TASK OBJECTIVE
Please retype the data below line for line and leave out every picture.

DATASET EXTRACT
=== Begin Enclosure ===

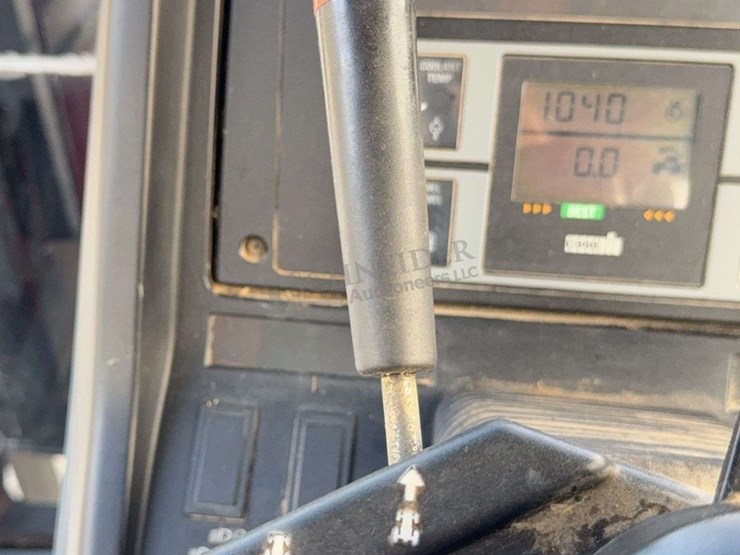 case-ih-5140-image-56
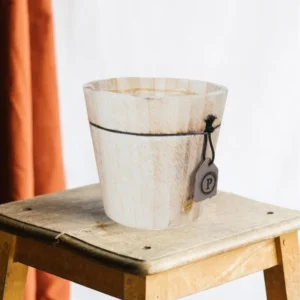 Pot décoratif en bois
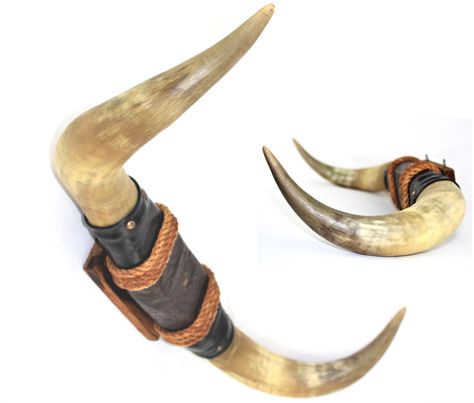 Vintage Western Decor / Mounted Bull Horn / Ranch House Decor Bull Horns Decor, Cow Horns Decor, Bull Decor, Hotrod Interior, Horn Decor, House Decor Vintage, Vintage Western Decor, Tattoo Studio Interior, Antler Ideas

=== End Enclosure ===

ANSWER SECTION
 case-ih-5140-image-56
 Pot décoratif en bois
 Vintage Western Decor / Mounted Bull Horn / Ranch House Decor Bull Horns Decor, Cow Horns Decor, Bull Decor, Hotrod Interior, Horn Decor, House Decor Vintage, Vintage Western Decor, Tattoo Studio Interior, Antler Ideas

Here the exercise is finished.